Margin Call - di J.C. Chandor (2011)
Giudizio sintetico: si può vedere (3/5)
Giudizio vernacolare: vesta grisi stori'amente è un po' come l'olocausto per ir se'olo passato
Siamo presumibilmente nel 2008, nello sfavillante distretto di Wall Street. Nella sede di una importante finanziaria, è tempo di ristrutturazione. Le "truppe" impiegatizie che annunciano i licenziamenti arrivano veloci, e velocemente si disfanno degli esuberi. Stavolta è Eric Dale che cade: un senior analyst dei rischi piuttosto rispettato da tutti. Peter Sullivan, un ingegnere aerospaziale prestato alla finanza, ha imparato molto da lui, e lo accompagna fino alla porta. Eric lo saluta, e gli dà una chiavetta USB, raccomandandosi di dargli un'occhiata alla svelta, era un lavoro che ha dovuto lasciare a metà, ed è importante. Mentre tutti se ne vanno a casa, Peter rimane e, a notte inoltrata, porta a termine il lavoro. Chiama per primo l'amico e collega Seth. La cosa è davvero tremenda: mettono al corrente il superiore, Will Emerson, che non appena mette a fuoco la gravità enorme della cosa, sveglia il capo Sam Rogers, che a sua volta, allarma tutta la dirigenza. In pratica, sono sull'orlo della bancarotta, e stanno vendendo titoli spazzatura. Durerà pochissimo. L'Amministratore Delegato Jared Cohen convoca i legali Sarah Robertson e Ramesh Shah, e, sempre nel giro della stessa notte, arriva l'intero Consiglio di Amministrazione, compreso il super capo John Tuld. E si decide...

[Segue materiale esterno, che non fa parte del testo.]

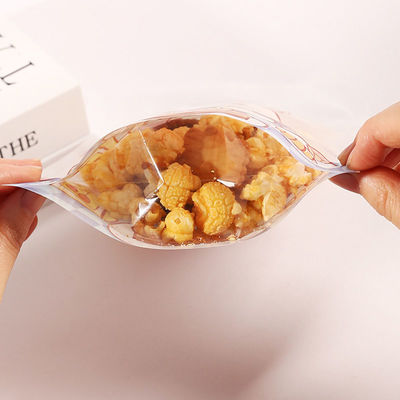 Op maat gemaakte bestelling geaccepteerd Cellophane cadeaupakketten voor bakkerijen Koekjes Chocolade En desserts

Così come succede ogni tanto (qualche anno fa accadde con lo sconosciuto, ma eccezionale, In The Loop), ci sono dei film poco conosciuti (o completamente sconosciuti in Italia), che arrivano, come in questo caso, alla candidatura all'Oscar per la miglior sceneggiatura. Effettivamente, oltre al cast ricchissimo e all'attualità del soggetto, questo Margin Call (termine molto tecnico per descrivere una situazione identica a quella che si verifica nel film) si sviluppa in maniera egregia e dinamica, per essere un film sulla finanza "d'assalto". Quindi, un po' The Social Network, un po' Too Big To Fail ma "anonimo", questo debutto (anche da sceneggiatore) per il figlio di un operatore Merril Lynch (il padre ci ha lavorato oltre trent'anni) risulta più che promettente, e ci ricorda, tristemente ed ancora una volta, come se ce ne fosse bisogno, che la colpa è si, di squali come quelli interpretati da Jeremy Irons (parte offerta in principio a Ben Kingsley), a proposito, finalmente una parte decente negli ultimi tempi per Irons, ma in parte è pure colpa nostra: ascoltate quello che dice il personaggio di uno straordinario Paul Bettany (Will Emerson), mentre cerca di spiegare come finirà a Seth Bregman (interpretato da Penn Badgley). Nel cast anche un sempre ottimo Kevin Spacey (Sam Rogers), Zachary Quinto (Peter Sullivan), Simon Baker (Jared Cohen), il grande Stanley Tucci (Eric Dale), una tesissima Demi Moore (Sarah Robertson; la parte doveva essere di Carla Gugino, che come Kingsley ha dovuto rifiutare per altri impegni, ma che è presente nei ringraziamenti).